Tu veux améliorer ta prise de poids, mais tu n’arrives pas à soulever plus depuis un an ? Tu devras sûrement mesurer tes RM sur les exercices de base et agir en conséquence. Bien sûr, j’imagine que tu sais ce que c’est…
2.-Ne pas connaître ton objectif

C’est lié au point précédent, et je parle du fait qu’après avoir passé 2 ans à faire le lundi poitrine et le vendredi biceps et triceps, il est peut-être temps de te coller à un plan plus sérieux.

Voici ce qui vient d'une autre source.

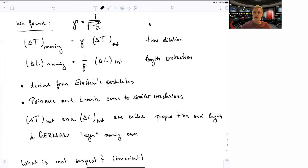It's fair to say that Poincaré and Lorentz came to similar conclusions at about the same time as Einstein did. Delta t at rest and delta l at rest — the time and the length — are also sometimes called the proper time and proper length.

En plus, on dirait que tu changes selon les saisons : plus la période du déshabillage approche, plus tu modifies ta méthode, et comme on t’a dit que pour “définir il faut faire des supersets et du cardio”, tu changes radicalement de système, et te voilà à faire des centaines d’écartés combinés avec des croisements à la poulie, et tes 60 min de cardio sur tapis en papotant avec la voisine…

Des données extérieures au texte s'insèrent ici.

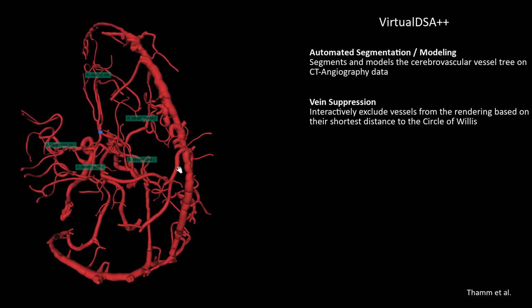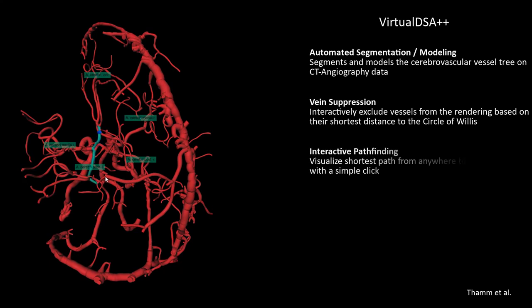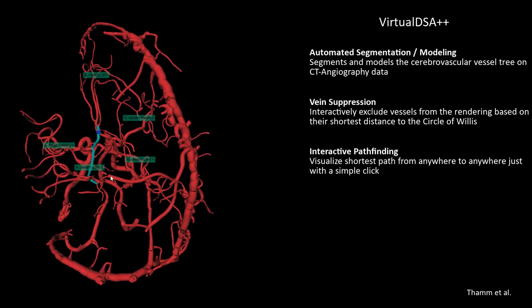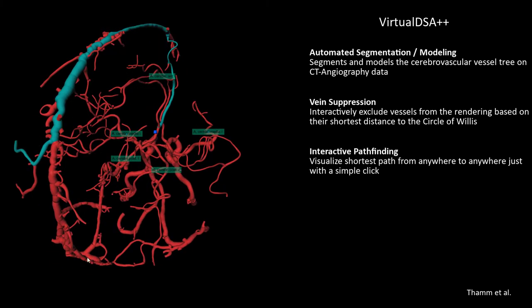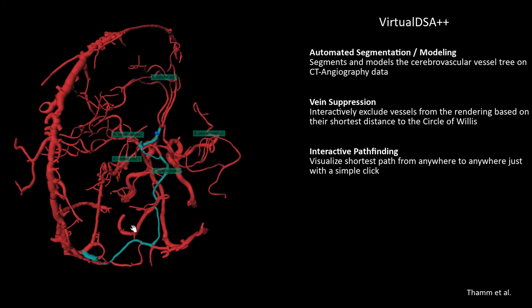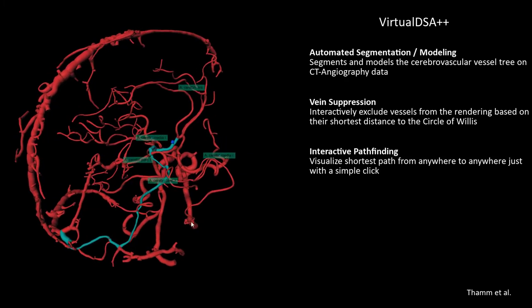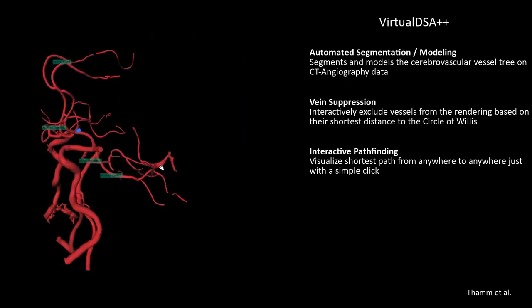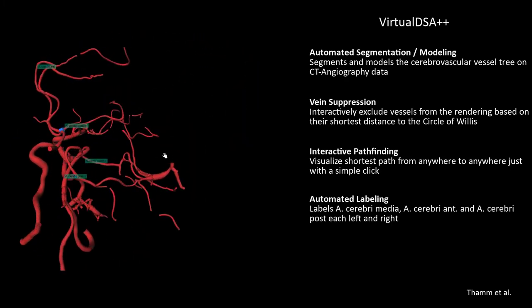VirtualDSA++ also allows to interactively search for shortest pathways just by clicking into the desired point. This feature is meant to be used to plan mechanical thrombectomies, for instance.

Je crois qu’on n’avance pas beaucoup comme ça, et chaque année tu auras un nouveau déjà-vu…
Si tu veux définir, parce que tu veux afficher un six-pack à la piscine, on peut faire les choses bien, et au début de la saison, en même temps que le début de la Ligue de foot… établir les mésocycles de travail, qui ne sont rien d’autre que d’attribuer une période d’environ 4-6 semaines à un travail spécifique (augmenter la force, le volume, la définition…).

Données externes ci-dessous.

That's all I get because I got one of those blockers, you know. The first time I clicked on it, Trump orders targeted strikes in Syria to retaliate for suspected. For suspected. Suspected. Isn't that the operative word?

Tout ça pour programmer chaque phase et améliorer la progression à l’entraînement, et ne pas devoir se rabattre à la dernière minute sur une alimentation à base de salade + poulet + heures de cardio en mai…
3.-Ne pas connaître la technique

Pour éviter bien sûr les risques de blessure et comme presque personne ne le fait, tu as arrêté de faire du soulevé de terre parce que ça va forcément te blesser le dos.
Très bien, tu viens de te priver d’un outil de base pour la progression à l’entraînement et la force, avec en plus le fait de travailler quasiment 90 % de ta musculature, directement et indirectement, ainsi qu’une cascade de sécrétion hormonale énorme… Ne vaudrait-il pas mieux que tu apprennes à bien exécuter avant de jeter un exercice ?.
Bien sûr, ça s’applique aussi au poids libre en sentadillas… Ah, et au cas où tu doutes, quand tu fais des squats, ne t’arrête pas à 45º ! Descends jusqu’en bas et si tes genoux dépassent la pointe des pieds, n’écoute pas le coach à côté qui te fait la morale…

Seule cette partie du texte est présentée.